Records contained in a dataset
== Segment start ==
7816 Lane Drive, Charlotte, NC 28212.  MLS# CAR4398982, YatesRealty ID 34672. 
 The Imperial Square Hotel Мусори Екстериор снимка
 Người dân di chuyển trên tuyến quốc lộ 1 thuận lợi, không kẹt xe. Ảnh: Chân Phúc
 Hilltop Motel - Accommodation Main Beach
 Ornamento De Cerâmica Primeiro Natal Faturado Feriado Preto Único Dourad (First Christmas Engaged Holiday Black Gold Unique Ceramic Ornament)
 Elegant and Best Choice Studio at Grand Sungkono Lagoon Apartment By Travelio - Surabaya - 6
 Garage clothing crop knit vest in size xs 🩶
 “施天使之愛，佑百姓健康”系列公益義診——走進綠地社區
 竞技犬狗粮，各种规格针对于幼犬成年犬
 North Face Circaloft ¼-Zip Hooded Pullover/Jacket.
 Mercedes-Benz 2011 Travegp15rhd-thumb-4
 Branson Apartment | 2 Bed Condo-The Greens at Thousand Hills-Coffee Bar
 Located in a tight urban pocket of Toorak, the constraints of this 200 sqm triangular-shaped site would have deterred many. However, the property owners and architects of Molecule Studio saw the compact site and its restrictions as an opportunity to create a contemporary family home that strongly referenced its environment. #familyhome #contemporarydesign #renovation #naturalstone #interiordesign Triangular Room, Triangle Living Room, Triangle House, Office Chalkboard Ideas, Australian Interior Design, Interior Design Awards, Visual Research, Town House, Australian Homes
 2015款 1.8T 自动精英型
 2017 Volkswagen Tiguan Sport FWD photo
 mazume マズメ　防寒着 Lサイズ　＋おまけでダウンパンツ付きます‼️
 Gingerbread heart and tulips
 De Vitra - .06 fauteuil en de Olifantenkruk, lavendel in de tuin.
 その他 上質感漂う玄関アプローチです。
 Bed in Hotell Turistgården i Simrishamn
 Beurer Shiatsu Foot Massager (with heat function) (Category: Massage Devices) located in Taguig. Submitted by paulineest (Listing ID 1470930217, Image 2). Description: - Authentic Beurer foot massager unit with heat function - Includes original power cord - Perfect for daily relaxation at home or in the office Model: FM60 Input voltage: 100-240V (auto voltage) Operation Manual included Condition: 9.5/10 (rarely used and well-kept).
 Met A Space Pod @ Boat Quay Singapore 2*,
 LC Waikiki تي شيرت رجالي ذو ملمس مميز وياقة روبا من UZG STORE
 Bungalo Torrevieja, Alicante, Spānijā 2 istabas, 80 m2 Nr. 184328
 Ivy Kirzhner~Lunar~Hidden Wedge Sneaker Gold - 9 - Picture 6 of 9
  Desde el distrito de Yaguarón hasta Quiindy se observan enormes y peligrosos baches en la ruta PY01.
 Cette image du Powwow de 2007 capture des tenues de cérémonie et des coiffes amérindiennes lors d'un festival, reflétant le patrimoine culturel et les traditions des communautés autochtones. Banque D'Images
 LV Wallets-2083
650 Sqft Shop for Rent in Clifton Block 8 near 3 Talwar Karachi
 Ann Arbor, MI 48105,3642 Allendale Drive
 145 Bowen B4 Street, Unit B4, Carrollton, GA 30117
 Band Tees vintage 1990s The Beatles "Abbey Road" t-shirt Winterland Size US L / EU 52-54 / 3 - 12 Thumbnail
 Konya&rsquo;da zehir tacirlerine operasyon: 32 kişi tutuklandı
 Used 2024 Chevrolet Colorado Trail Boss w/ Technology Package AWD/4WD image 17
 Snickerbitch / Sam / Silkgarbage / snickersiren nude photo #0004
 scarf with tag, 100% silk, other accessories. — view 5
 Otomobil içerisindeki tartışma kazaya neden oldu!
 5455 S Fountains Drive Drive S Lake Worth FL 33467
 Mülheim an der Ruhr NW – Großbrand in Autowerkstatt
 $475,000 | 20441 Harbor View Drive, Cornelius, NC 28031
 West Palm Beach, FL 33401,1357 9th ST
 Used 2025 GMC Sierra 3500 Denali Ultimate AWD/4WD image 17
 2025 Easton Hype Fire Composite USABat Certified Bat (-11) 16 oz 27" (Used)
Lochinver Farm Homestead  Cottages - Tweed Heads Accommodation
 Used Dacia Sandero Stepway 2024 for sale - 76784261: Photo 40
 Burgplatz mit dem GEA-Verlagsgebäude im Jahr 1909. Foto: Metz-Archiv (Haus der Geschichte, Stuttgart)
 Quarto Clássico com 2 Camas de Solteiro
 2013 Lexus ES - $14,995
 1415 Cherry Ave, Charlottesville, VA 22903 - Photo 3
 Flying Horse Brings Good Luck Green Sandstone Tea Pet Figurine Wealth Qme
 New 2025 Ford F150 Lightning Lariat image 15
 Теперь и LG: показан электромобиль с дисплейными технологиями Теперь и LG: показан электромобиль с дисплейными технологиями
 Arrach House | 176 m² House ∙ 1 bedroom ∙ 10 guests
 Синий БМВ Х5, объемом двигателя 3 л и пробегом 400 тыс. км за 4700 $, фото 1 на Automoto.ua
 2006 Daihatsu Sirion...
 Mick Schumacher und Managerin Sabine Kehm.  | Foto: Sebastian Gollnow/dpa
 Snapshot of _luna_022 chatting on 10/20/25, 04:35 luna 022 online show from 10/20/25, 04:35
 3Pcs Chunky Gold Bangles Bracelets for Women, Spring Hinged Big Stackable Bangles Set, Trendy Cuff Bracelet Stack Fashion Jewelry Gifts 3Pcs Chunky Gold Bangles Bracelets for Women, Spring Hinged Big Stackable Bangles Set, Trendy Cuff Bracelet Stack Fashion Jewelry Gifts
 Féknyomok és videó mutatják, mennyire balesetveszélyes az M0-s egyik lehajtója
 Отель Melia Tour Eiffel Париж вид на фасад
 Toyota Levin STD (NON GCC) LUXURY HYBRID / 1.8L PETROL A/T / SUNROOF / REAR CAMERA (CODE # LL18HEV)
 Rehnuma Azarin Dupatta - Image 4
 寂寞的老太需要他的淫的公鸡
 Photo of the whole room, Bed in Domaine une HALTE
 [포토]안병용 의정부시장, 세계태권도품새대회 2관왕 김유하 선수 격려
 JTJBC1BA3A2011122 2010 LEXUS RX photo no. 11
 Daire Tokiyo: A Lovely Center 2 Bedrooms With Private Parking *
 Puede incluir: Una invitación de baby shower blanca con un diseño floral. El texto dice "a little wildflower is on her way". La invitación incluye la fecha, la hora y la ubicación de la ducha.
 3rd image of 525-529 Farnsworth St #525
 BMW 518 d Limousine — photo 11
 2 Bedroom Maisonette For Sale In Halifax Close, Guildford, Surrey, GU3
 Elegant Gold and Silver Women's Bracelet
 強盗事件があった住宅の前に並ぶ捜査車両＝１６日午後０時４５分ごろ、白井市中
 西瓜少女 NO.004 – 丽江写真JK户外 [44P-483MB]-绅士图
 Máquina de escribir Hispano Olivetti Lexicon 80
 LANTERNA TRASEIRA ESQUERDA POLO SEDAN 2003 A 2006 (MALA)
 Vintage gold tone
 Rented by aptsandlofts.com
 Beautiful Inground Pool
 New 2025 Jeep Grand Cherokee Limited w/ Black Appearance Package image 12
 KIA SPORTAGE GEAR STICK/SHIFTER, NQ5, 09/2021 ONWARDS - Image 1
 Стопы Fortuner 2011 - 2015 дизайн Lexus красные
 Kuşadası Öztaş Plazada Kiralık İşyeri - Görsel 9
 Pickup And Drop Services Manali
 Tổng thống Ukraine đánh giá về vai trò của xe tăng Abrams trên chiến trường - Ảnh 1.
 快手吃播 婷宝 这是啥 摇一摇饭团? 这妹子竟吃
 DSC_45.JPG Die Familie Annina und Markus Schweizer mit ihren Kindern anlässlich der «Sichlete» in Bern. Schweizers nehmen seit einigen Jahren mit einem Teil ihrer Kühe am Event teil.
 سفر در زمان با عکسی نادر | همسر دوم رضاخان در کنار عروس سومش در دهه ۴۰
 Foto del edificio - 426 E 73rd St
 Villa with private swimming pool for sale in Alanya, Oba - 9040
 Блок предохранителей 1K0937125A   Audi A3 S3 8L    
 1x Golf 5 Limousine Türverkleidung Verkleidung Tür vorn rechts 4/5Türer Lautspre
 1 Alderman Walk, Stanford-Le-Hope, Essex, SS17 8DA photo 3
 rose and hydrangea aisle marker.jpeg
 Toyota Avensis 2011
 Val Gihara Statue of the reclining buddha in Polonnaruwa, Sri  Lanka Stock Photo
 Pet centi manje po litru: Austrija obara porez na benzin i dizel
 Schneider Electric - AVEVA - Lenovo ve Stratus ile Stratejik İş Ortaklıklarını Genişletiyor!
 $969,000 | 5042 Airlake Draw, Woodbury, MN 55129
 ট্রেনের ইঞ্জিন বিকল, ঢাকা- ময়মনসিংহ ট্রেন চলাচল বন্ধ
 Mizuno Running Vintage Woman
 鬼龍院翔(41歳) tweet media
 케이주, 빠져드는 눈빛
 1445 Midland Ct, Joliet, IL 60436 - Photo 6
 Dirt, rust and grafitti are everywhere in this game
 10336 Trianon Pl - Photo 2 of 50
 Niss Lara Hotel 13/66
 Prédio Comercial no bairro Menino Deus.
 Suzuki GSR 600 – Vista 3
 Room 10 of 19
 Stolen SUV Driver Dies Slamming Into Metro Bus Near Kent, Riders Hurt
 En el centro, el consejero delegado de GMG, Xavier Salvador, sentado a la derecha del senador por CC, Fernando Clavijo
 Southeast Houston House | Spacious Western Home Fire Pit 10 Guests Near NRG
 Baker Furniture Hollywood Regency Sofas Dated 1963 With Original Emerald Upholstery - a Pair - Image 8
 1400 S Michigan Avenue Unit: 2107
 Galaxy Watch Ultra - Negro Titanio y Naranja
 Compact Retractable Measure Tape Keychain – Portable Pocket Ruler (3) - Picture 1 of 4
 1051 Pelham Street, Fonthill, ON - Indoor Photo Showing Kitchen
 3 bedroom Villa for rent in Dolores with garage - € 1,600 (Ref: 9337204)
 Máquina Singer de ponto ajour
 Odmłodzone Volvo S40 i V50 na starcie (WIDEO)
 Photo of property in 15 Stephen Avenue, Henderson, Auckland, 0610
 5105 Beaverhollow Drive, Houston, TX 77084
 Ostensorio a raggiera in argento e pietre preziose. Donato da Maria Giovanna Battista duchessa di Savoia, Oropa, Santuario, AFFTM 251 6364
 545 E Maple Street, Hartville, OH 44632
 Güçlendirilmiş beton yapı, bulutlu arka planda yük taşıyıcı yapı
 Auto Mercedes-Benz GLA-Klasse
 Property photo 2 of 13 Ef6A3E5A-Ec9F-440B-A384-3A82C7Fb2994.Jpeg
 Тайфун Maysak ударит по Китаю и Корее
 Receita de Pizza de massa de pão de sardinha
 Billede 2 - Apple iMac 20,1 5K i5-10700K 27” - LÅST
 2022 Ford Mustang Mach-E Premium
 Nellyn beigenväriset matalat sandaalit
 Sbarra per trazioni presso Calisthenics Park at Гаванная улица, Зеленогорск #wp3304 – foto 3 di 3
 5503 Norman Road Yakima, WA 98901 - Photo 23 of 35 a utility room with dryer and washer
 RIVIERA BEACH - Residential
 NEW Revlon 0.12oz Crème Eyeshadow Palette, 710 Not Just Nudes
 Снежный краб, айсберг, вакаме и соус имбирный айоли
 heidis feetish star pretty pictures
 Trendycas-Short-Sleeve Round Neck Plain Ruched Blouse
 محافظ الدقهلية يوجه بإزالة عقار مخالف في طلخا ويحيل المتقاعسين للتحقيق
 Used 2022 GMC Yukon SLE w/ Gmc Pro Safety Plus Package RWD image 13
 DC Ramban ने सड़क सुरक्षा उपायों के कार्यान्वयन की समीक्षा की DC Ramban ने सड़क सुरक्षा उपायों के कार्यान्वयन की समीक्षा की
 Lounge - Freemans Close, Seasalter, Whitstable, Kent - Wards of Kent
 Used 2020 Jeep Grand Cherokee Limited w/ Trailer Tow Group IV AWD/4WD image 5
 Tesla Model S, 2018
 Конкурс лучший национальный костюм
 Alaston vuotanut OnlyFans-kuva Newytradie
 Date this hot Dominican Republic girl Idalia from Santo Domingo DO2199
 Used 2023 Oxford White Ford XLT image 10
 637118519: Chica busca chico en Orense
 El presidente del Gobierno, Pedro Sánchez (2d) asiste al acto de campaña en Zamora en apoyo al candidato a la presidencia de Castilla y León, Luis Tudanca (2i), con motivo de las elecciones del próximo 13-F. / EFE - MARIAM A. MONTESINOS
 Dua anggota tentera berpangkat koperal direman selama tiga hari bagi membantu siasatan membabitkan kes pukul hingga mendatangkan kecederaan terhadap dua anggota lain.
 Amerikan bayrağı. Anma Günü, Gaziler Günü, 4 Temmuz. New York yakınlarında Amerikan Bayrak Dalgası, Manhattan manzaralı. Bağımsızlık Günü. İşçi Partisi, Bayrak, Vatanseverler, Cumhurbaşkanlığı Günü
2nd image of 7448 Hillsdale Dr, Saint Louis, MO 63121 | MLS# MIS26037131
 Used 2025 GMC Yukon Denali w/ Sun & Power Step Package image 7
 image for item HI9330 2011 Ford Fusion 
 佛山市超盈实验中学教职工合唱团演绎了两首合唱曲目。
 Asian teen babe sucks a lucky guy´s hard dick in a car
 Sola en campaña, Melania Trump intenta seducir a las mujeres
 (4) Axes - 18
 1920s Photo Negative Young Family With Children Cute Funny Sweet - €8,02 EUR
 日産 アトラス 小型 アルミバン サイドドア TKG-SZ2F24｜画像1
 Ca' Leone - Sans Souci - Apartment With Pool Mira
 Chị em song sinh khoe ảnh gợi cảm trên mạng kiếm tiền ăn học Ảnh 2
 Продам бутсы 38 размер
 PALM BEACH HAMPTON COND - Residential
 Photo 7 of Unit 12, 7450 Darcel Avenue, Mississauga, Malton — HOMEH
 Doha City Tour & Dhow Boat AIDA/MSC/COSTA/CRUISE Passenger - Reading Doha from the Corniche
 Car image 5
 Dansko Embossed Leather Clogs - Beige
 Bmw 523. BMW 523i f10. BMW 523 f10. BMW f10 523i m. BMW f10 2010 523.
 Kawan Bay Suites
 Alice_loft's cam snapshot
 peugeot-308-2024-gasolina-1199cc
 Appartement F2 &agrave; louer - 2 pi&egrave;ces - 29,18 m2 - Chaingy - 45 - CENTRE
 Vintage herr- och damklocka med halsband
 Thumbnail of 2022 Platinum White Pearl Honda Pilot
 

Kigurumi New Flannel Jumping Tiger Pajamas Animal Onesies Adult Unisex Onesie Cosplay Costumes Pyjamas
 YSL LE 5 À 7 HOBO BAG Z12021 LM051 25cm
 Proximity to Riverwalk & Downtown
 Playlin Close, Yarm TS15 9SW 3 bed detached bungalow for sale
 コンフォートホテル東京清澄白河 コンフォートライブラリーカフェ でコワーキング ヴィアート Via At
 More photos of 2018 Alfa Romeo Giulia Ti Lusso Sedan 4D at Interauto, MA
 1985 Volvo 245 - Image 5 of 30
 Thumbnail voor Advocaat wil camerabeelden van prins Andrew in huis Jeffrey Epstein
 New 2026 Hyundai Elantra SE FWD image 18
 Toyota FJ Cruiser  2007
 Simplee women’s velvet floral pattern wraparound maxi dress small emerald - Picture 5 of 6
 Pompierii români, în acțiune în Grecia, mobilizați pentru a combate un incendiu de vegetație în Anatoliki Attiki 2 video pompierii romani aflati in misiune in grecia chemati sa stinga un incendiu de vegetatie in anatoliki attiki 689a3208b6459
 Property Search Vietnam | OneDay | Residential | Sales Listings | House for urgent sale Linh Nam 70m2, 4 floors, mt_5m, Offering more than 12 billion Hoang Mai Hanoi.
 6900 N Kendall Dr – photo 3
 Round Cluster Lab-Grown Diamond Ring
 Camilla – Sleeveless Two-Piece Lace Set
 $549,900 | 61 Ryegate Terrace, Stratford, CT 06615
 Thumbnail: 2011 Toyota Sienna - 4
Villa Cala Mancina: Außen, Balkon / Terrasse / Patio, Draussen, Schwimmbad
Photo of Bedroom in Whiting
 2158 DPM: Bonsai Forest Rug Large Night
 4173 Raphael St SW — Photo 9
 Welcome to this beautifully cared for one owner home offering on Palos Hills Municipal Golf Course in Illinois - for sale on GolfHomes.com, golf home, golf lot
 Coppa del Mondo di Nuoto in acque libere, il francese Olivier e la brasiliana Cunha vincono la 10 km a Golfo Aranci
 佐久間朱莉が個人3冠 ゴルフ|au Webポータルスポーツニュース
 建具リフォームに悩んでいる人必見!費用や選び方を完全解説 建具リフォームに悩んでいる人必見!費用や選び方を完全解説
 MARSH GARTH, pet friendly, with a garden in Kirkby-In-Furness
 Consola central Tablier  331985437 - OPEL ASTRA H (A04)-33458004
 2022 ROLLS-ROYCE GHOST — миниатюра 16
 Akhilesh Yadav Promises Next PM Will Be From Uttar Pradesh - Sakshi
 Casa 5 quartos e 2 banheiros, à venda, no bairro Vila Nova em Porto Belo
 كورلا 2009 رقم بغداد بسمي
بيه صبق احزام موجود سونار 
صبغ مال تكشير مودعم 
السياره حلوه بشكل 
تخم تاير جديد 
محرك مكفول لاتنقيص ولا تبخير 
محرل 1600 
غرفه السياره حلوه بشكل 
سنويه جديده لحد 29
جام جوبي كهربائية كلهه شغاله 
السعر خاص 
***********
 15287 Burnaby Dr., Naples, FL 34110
== Segment end ==
→ Problem
Read the entries and pick out all lines that include the word "Close".

→ Exercise answer
 2 Bedroom Maisonette For Sale In Halifax Close, Guildford, Surrey, GU3
 Lounge - Freemans Close, Seasalter, Whitstable, Kent - Wards of Kent
 Playlin Close, Yarm TS15 9SW 3 bed detached bungalow for sale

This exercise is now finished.